Qui a la charge des frais de justice engagés par le CHSCT
Cet arrêt est l'occasion de revenir sur les moyens dont dispose le comité d'hygiène, de sécurité et des conditions de travail (voir également : Soc. 25 juin 2002, Bull. civ. V n° 215 et Soc. 12 janv. 1999, Bull. civ. V, n° 19).
Le CHSCT, qui ne dispose pas de ressources propres - article L 4614-9 du code du travail - a pourtant la possibilité d'agir en justice.
Dès lors, qu'advient-il des frais occasionnés par une action à l'initiative de ce comité ?
La Cour de cassation a tranché. Lorsque le CHSCT agit en justice et que cette action n'est pas qualifiée d'abusive - il agit dans le cadre de ses missions - ce dernier pourra obtenir le remboursement des frais de justice liés à son action.
Dans cette affaire liée à l'effondrement d'un terminal à l'aéroport de Roissy, la constitution du CHSCT de la société Air France en tant que partie civile a été déclarée irrecevable.
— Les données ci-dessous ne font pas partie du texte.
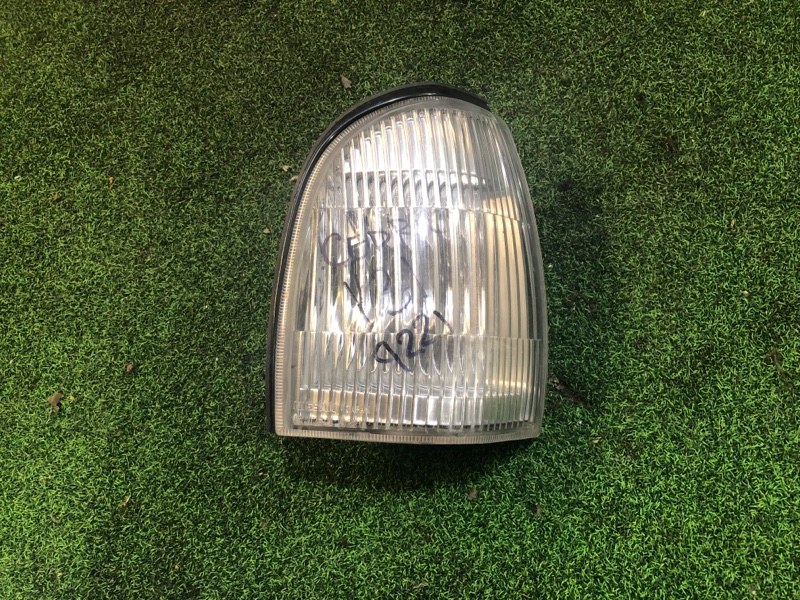 Габарит правый NISSAN CEDRIC Y31 RB20-DE контрактная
En effet, selon l'article 2 du code de procédure pénale, le CHSCT - dont les missions sont définies à l'article L 4612-1 du code du travail - n'est pas fondé à agir en justice pour la défense de l'intérêt collectif de la profession, contrairement aux syndicats : article L 2132-3 du code du travail.
Cette action en justice ayant néanmoins entrainé des frais, le CHSCT a sollicité la société Air France afin d'obtenir le remboursement des frais liés à cette constitution déclarée irrecevable.
En l'espèce, la Cour de Cassation a imposé à l'employeur la prise en charge des frais de justice engagés par le CHSCT en précisant que le fait que l'action ait été déclarée irrecevable - absence d'un préjudice direct et personnel du CHSCT - ne suffit pas à caractériser l'abus - l'action de ce dernier n'était pas étrangère à sa mission.